* **PROBLEM DESCRIPTION**:
The records below must be reproduced exactly, excluding any pictures.

* **Records from a dataset**:
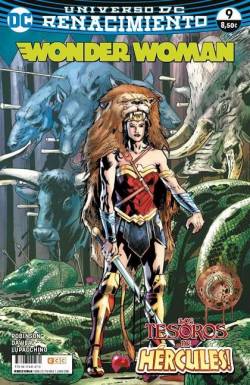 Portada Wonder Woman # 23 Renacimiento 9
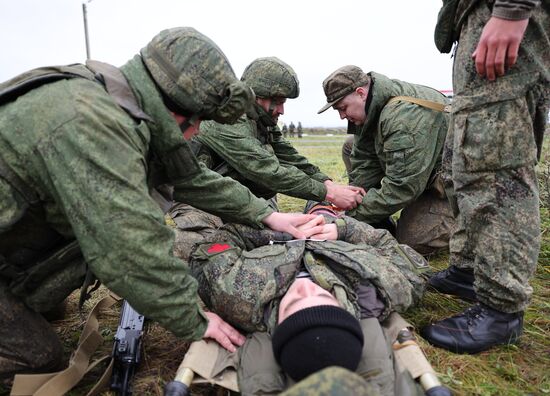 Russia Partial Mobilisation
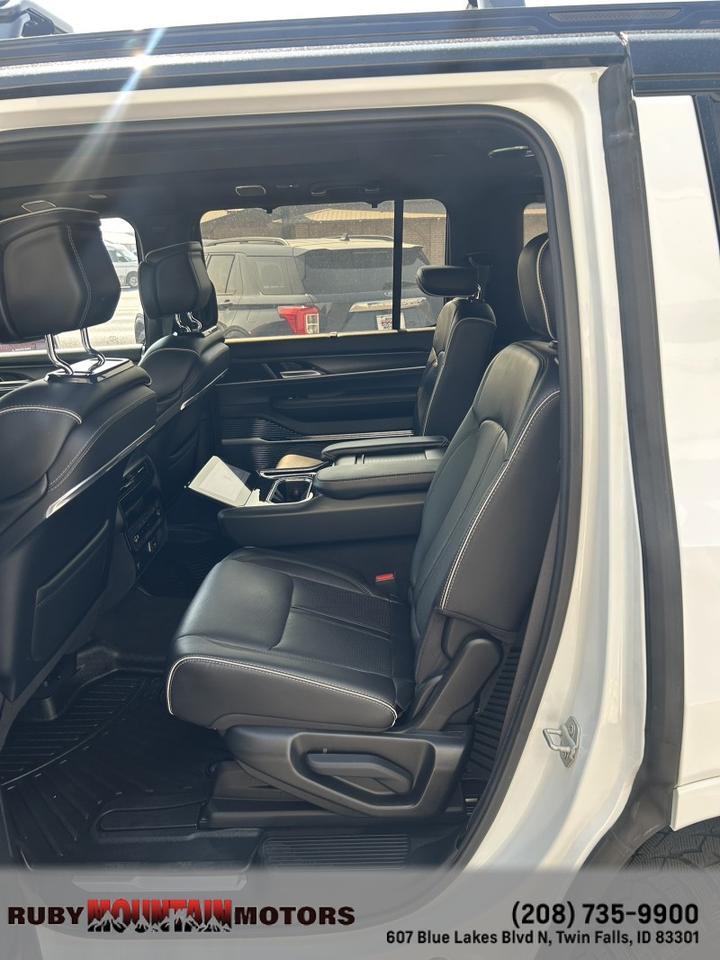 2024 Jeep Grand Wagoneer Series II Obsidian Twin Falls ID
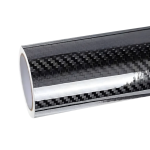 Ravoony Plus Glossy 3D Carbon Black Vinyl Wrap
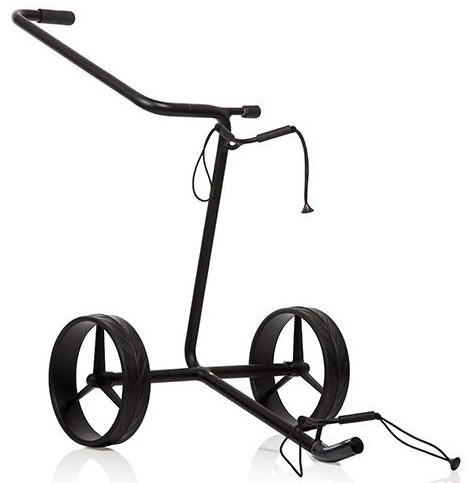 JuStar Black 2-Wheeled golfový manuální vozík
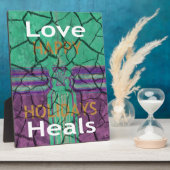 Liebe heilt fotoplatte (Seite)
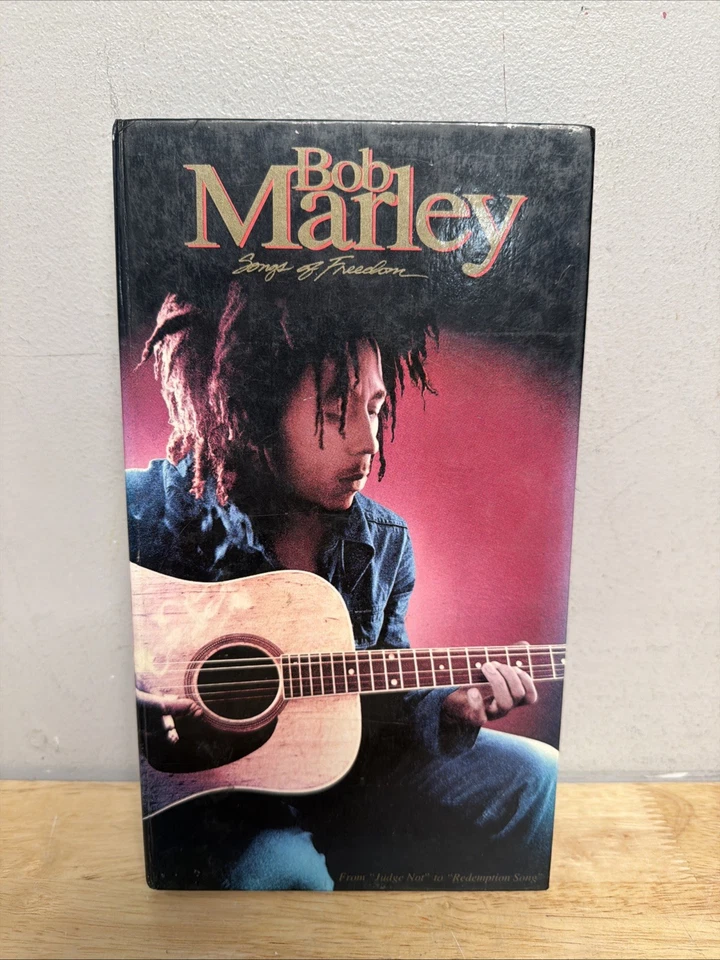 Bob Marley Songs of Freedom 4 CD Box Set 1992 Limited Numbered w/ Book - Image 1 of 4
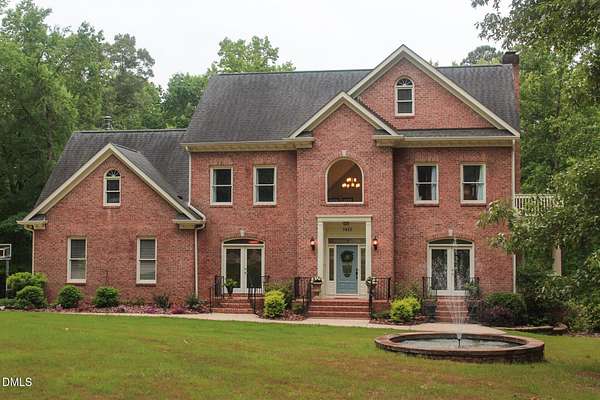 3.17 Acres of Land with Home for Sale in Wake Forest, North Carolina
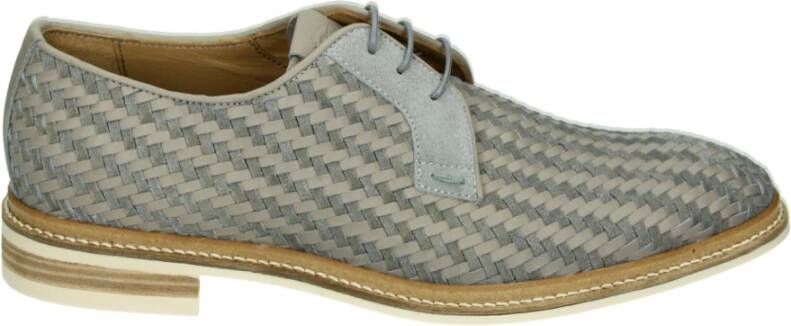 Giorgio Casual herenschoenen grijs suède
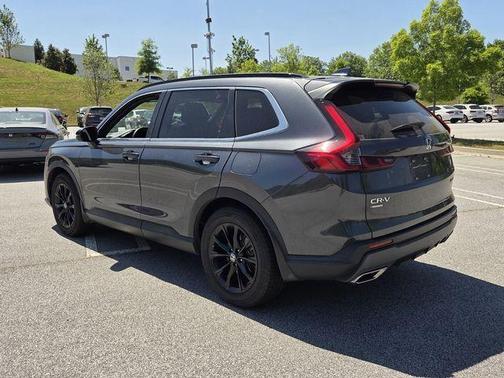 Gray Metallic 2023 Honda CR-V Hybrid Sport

* **RESPONSE TO THE TASK**:
 Portada Wonder Woman # 23 Renacimiento 9
 Russia Partial Mobilisation
 2024 Jeep Grand Wagoneer Series II Obsidian Twin Falls ID
 Ravoony Plus Glossy 3D Carbon Black Vinyl Wrap
 JuStar Black 2-Wheeled golfový manuální vozík
 Liebe heilt fotoplatte (Seite)
 Bob Marley Songs of Freedom 4 CD Box Set 1992 Limited Numbered w/ Book - Image 1 of 4
 3.17 Acres of Land with Home for Sale in Wake Forest, North Carolina
 Giorgio Casual herenschoenen grijs suède
 Gray Metallic 2023 Honda CR-V Hybrid Sport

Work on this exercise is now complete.